■ What is being asked
Copy out every line of the data exactly; do not include the images.

■ Supplied material
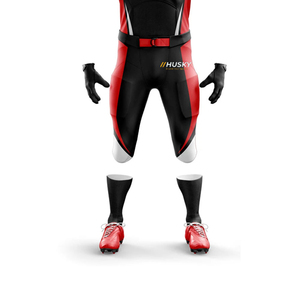 Ensemble de maillot de football américain rouge pour homme, numéro 24, respirant, en maille, col en V, manches courtes, polyester/coton 360g, pantalon noir - Product Image 2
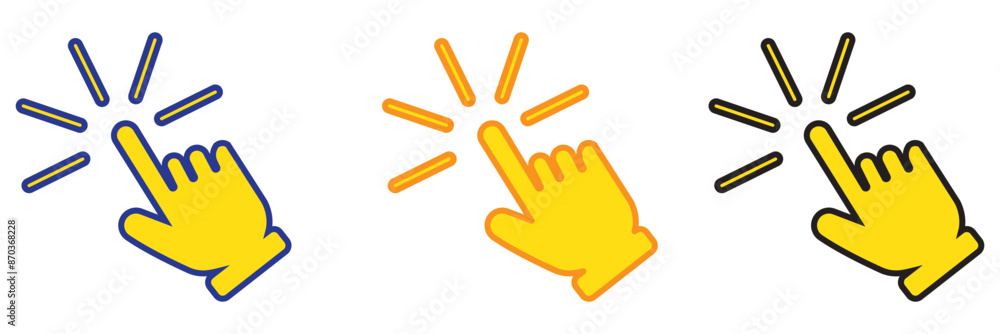 Poster hand cursor icons set. computer mouse, click, pointer, clicking cursor.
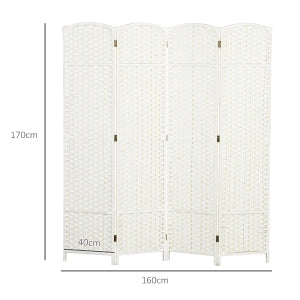 PARAVENTO Pieghevole 160x170 cm Legno Bianco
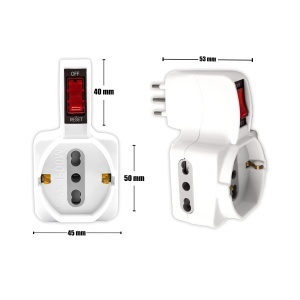 Adaptator multiplu V-TAC cu 3 prize, comutator, 1016 A, alb - Img 5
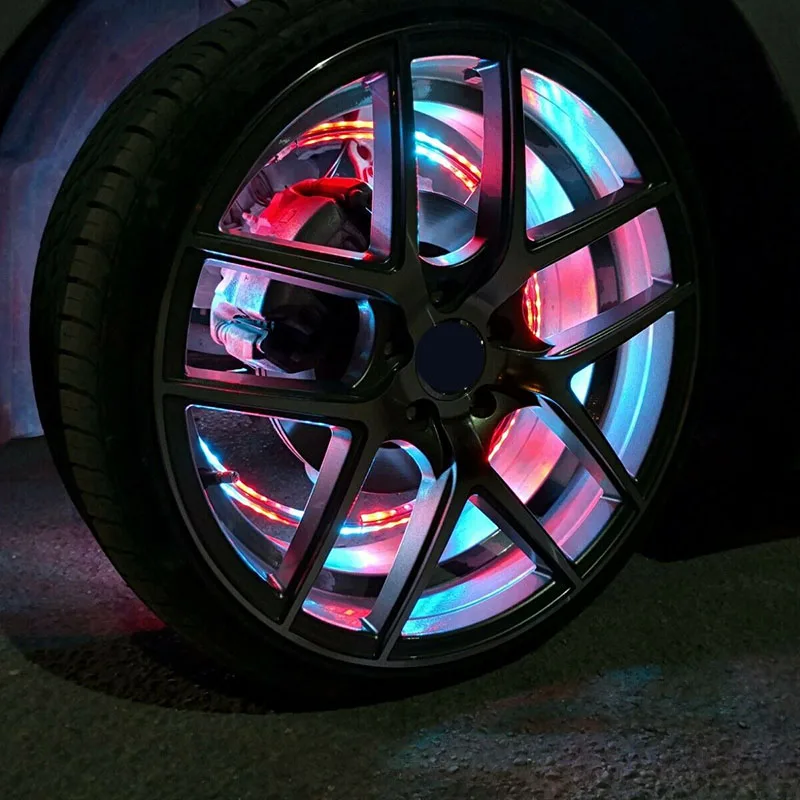 

4Pcs 15.5 Inch LED Wheel Ring Light Wheel Hub Atmosphere Light Decorative Light IP68 RGB Color 600LED Bluetooth Control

■ Written answer
 Ensemble de maillot de football américain rouge pour homme, numéro 24, respirant, en maille, col en V, manches courtes, polyester/coton 360g, pantalon noir - Product Image 2
 Poster hand cursor icons set. computer mouse, click, pointer, clicking cursor.
 PARAVENTO Pieghevole 160x170 cm Legno Bianco
 Adaptator multiplu V-TAC cu 3 prize, comutator, 1016 A, alb - Img 5

4Pcs 15.5 Inch LED Wheel Ring Light Wheel Hub Atmosphere Light Decorative Light IP68 RGB Color 600LED Bluetooth Control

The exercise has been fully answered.